The Daily Prompt today asks for a word that sound like the exact opposite of what it refers to.
There is a particular word that I find truly offensive. Words don’t typically offend, not individual words, anyway. I suppose there is an infinite number of word combinations that can offend my sensibilities, but a single word? Not many words all on their own can disgust me. There is one though.
It’s not a word that would offend most people. In fact, I’m very fond of a great many words that other people can’t stand to hear. A pair of words that I have always had a deep and abiding passion and fascination for are Funk and Shirt. Oh, wait, that’s not right. They’re Fork and Sheet. No, Frack and Chit. Nope, that’s still not right. Anyway, each of those pairs sounds like them.
Nope, profanity doesn’t bother me in the slightest. There aren’t many dirty words that I don’t use. I suppose I picked that up from the oil field. I never did much oil field work, but my father, grandfather and some of my uncles did. Spend time around that crowd, and you’ll hear it all. I mean, you’ll hear it all in the span of ten minutes. I remember one spectacularly eccentric old oil hand who even made up his own curse words, and he was talented at that.
If nothing of that nature can bother me, then what word could?
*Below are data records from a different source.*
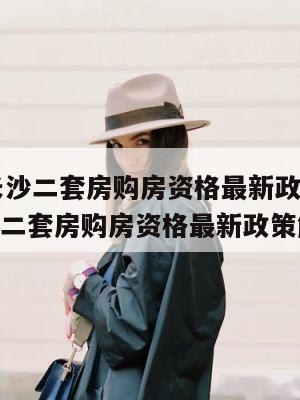 2021长沙二套房购房资格最新政策（2021长沙二套房购房资格最新政策解读） 第1张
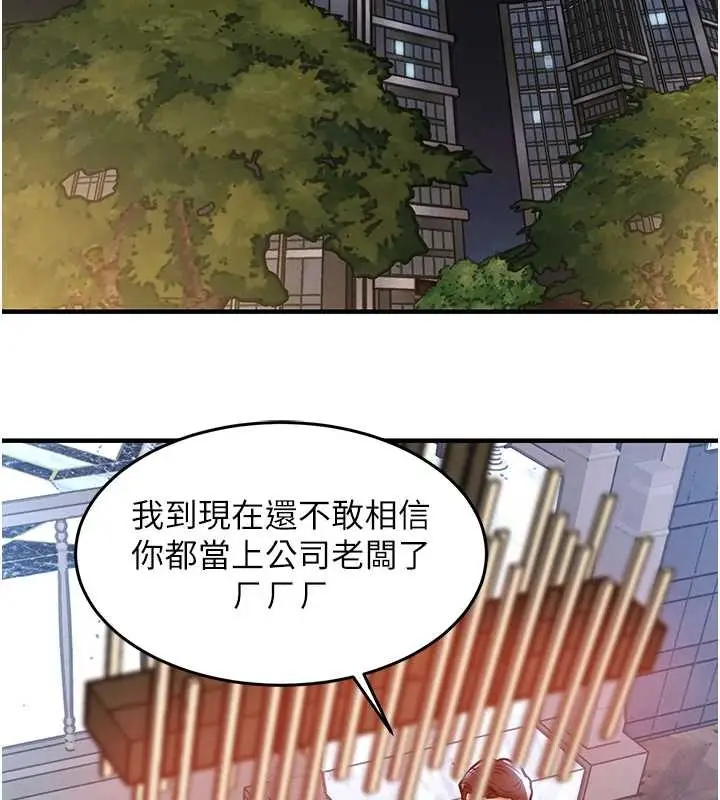 漫画《衣锦还乡》第24话第129张图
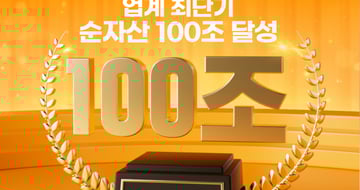 재테크 기사 이미지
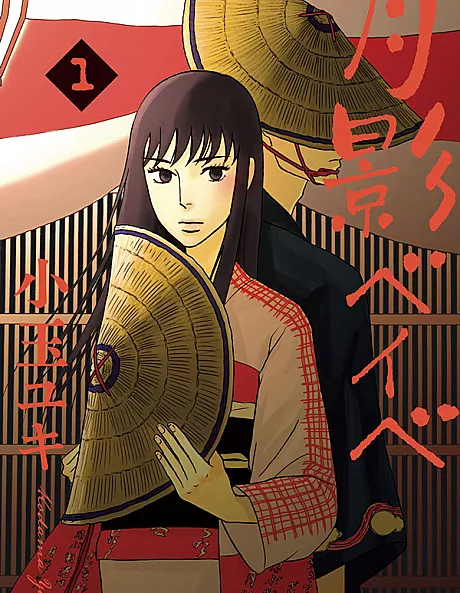 Tsukikage Baby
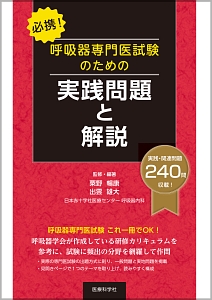 必携! 呼吸器専門医試験のための実践問題と解説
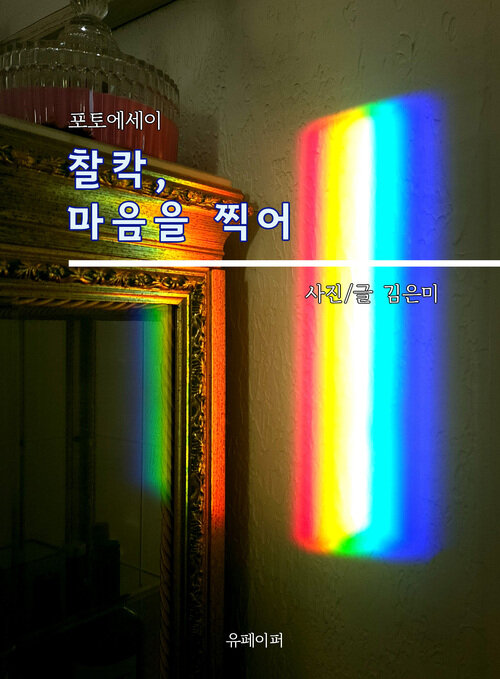 찰칵, 마음을 찍어 - 힘들 땐 찰칵, 네 마음을 찍어 (커버이미지)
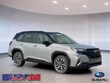 Subaru Forester Hybrid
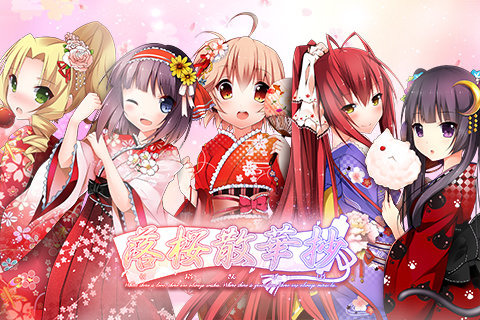 落樱散华抄九游手游 v1.1.5 安卓版0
What word makes my skin crawl whenever I encounter it? If you’re faint of heart, cover your ears. That doesn’t make sense, I’m typing, not talking. I suppose you could cover your eyes, but then I’d have a hard time telling you when to stop.
The word is Prosaic. A word typically held in reserve for the intellectual or those who wish they were. It’s a terrible word. If you don’t understand why, don’t worry, I’ll explain it. I happen to have my Webster’s Dictionary handy. Prosaic, adj. 1 a : characteristic of prose as distinguished from poetry : FACTUAL
Okay, that didn’t sound bad at all. Did I remember wrong? Because that definition didn’t bother me at all. Then again, when I hear or read the word prosaic, that’s not usually what it suggests. There’s another meaning. Ah, here, if I keep reading the definition, it goes on to say, b : DULL, UNIMAGINATIVE 2 : EVERYDAY, ORDINARY. Oh yeah. That’s bad. The word prosaic isn’t usually intended to suggest that something is like prose. It means that something lacks poetry. It is bland, featureless, conventional, without grace or inspiration. Now, since I happen to write prose, I find that more than a little offensive. More to the point, returning to the question posed by the prompt, I find it inaccurate. Prose is not a plain and lifeless art form, and I resent the implication that it is. Prose does not always blankly define and inform. Prose describes. Prose creates. Prose sculpts ideas, stories and philosophies. How did a form of the word prose become a synonym for boredom? Someone out there must think no good books have ever been written.